Biz ne kadar toplarsak toplayalım herşeyi hatta her küçük şeyi ortalıkda bırakan bir ablası var. Asıl bunun tehlikeli olduğunu düşünmemiştim. Benim hatam. Sürekli sürekli kontrol etmeliyim. En zor döneme girdik. Onu izlediğim sırada bile ağzına bişeyler atmayı beceriyor. Bakalım tatil günleri nasıl geçecek.
17 Mayıs 2011 Salı
Kısa Kısa - 17 Mayıs
16 Mayıs 2011 Pazartesi
Sürünün sonuncusu 8 aylık
12 Mayıs 2011 Perşembe
Yağmur Altında MFÖ Konseri
Stadda yer bulduk. Tıkındık, oynadık. Hava kararınca Ece yorulunca Ece'yi eve gönderdik. Konser başladı. Yağmur başladı. Giydik poşetleri kafamıza. Dansettik. Çok yorulduk.
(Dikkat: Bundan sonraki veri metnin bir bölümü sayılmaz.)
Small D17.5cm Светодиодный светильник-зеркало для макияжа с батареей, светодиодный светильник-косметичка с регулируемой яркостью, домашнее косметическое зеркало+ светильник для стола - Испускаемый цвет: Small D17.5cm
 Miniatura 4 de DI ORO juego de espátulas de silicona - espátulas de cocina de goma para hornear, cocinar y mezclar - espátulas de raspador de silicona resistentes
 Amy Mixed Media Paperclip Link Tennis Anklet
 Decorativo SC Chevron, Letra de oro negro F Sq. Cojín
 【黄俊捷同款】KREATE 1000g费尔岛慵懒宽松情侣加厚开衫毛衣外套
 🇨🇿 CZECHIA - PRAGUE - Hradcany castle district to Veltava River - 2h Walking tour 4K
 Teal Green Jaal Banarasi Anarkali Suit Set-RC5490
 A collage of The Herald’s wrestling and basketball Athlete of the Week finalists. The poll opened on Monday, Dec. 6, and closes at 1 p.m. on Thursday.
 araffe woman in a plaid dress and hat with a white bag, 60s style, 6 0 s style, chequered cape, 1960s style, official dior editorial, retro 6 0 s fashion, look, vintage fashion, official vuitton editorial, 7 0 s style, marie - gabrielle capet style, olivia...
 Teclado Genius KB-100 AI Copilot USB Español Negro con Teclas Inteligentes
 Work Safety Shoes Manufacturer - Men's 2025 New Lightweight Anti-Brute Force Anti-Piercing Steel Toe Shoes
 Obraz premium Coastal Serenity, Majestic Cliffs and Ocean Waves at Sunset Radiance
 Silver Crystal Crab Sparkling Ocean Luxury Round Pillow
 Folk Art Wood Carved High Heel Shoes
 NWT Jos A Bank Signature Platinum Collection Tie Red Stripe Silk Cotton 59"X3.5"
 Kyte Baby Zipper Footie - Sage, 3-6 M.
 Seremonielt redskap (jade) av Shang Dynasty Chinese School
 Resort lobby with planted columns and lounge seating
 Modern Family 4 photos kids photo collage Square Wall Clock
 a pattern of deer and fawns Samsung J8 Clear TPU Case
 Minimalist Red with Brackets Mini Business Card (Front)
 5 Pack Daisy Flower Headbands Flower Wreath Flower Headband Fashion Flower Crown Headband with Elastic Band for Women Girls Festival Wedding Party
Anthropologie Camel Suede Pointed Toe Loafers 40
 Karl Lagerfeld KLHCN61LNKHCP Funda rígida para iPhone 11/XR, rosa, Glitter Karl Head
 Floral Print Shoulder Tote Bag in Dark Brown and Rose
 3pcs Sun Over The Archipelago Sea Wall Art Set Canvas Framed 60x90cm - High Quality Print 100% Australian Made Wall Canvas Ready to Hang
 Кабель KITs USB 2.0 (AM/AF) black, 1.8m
Ela'nın ilk konserinin son hali ise aşağıda. Konser'de bayıldı kaldı. Bana çok iyi geldi. Uzun zamandır böyle aktivite yapmayınca hava koşulları beni durduramaz. Hep söylerim yağmur yapdığı için birşey yapmamayı anlamıyorum. İngiltere'de insanlar hep evdemi oturuyor kardeşim. Islanmak ne kadar güzel biliyormusunuz. En son ne zaman denediniz. Haydi dışarı.
11 Mayıs 2011 Çarşamba
Kısa Kısa - Mayıs 11
10 Mayıs 2011 Salı
Skali ve Maldır
5 Mayıs 2011 Perşembe
Ece'nin Oyun Grubu
Ben Ece'yi sakin sessiz, gözlemci sanırdım. Ama diğer bebeklerin yanında gördüm ki Ece aktivasyon insanıymış. Aynı Ela gibi. Bu lafı şu sıra çok duyuyorum ve ödüm patlıyor. Bir Ela'yla daha nasıl başa çıkacağımı bilemiyorum. Ece hareketlendikçe bu işi sevdi artık hiç durmak istemiyor. Bizim minik oyun grubumuz böyle işte. Yakında yine buluşup dertleşip bebeklerin birbirlerine ilgilerini takip edicez bakalım. Yaa Ela hanım sen Ece'yi büyümüycek mi sandın.
4 Mayıs 2011 Çarşamba
Son Diyaloglar
3 Mayıs 2011 Salı
Ben Eğileyim Sen Bana Vur
Ela'nın yatma zamanından önce soyunup manyaklar gibi koşturduğu yeni bir hobisi var. Çişini yaptırıp, ellerini yıkayıp yatağa götürmek işkence oluyor. Gerçekten. Bu bilgi almak için mahkumlar üzerinde kullanılabilir. Bir küçük çocuğu versinler ellerine yatır bunu desinler. Hepsi pes eder.
Bugün bu rutine bombastik bir element ekleyip yüzüme bir tekme attı. Ben onu yatırmaya çalışırken ayağı çenemle tanıştı. Sert. Gözüme yaş geldi ve boğazıma da bir çığlık.
Sesimi daha önce hiç duymadığı bir desibele yükselttim ve sonra ne yaptı biliyor musunuz? Bana güldü.
Kim yapar bunu? Kim yüzünden milim uzaklıktan bir çığlık duyar ve sadece güler?